A este propósito importa referir que, mentalmente, o facto de estarmos sempre conectados também tem um impacto, incluindo no que diz respeito ao descanso. Não só existem estudos que comprovam o efeito dos écrans no sono, como em Direito, já se vai falando de um Direito à desconexão, que garante, por exemplo, o Direito de ser deixados em paz, após o período laboral. Isto significa que o nosso chefe não deve mandar-nos mensagens por Whatsapp e, caso o faça, não temos obrigação de ver e responder. Como exercer uma desconexão que é mentalmente desgastante, numa casa em que tudo é inteligente, tudo sugere alguma coisa e tudo comunica e notifica o utilizador, vinte e quatro horas sobre sete dias por semana?

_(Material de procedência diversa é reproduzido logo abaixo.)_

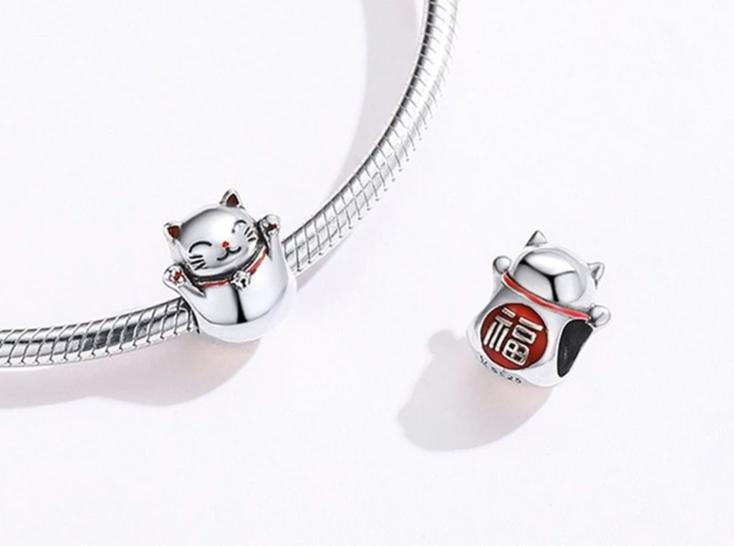 Silver Cat Charm <br> Happy Cat - The Cat Paradise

Como em tudo, há que encontrar um equilíbrio. Se a pergunta é se precisamos destes objetos, a resposta é, claramente, que no limite, não precisamos. Contudo, não podemos ignorar as facilidades que nos trazem, até porque não há necessidade de complicar a nossa vida, quando ela pode ser bem mais fácil. Tão pouco podemos, ainda assim, subestimar os impactos negativos que têm na nossa vida. O descanso é um valor vital. Literalmente, porque privação de sono e do descanso, a longo prazo, dão origem a doenças degenerativas do cérebro (ver, por exemplo, o estudo acessível em aqui) e a bem curto prazo afetam negativamente o cortéx pré-frontal, impedindo-nos de tomar decisões nas nossas capacidades mais plenas.
Precisamos destes objetos, mas não tanto quanto precisamos de descansar. Resta esperar que a necessidade destes smart objects nunca se sobreponha a necessidades básicas e, sobretudo, que saibamos retirar o melhor das suas aplicações sem comprometer significativamente a qualidade de vida.